### DATA EXTRACTS
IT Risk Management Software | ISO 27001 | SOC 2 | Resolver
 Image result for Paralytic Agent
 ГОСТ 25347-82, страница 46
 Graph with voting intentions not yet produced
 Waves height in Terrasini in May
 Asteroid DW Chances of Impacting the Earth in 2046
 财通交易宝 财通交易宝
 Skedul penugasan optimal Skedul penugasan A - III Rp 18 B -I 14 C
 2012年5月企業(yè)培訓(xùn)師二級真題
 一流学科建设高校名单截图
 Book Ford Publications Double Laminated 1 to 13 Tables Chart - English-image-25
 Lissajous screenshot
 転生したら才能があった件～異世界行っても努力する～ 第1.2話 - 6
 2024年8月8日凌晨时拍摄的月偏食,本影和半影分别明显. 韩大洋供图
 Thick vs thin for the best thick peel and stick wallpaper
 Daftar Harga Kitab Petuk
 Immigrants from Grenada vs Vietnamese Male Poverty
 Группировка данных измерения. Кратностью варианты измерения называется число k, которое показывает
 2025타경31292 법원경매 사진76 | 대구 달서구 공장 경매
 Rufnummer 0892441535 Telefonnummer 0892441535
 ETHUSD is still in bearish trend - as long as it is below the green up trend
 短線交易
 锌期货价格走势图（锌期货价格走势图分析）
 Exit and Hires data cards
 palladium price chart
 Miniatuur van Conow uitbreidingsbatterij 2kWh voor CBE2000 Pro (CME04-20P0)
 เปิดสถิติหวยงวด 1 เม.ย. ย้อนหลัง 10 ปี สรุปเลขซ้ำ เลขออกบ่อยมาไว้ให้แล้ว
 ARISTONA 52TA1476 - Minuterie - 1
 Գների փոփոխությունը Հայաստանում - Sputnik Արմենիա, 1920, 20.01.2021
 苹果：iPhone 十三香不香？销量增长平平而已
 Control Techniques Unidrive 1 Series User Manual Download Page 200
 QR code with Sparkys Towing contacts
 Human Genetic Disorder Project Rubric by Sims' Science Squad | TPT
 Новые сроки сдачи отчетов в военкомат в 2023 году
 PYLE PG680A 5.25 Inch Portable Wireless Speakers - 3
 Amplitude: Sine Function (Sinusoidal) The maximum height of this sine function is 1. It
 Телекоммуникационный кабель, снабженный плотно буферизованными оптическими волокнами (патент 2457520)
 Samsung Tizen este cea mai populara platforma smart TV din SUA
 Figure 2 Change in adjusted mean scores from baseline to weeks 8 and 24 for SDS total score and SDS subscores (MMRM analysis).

### WHAT TO WORK ON
Could you return all lines from the data above that contain the string "with"?

### SOLVED EXERCISE
 Graph with voting intentions not yet produced
 QR code with Sparkys Towing contacts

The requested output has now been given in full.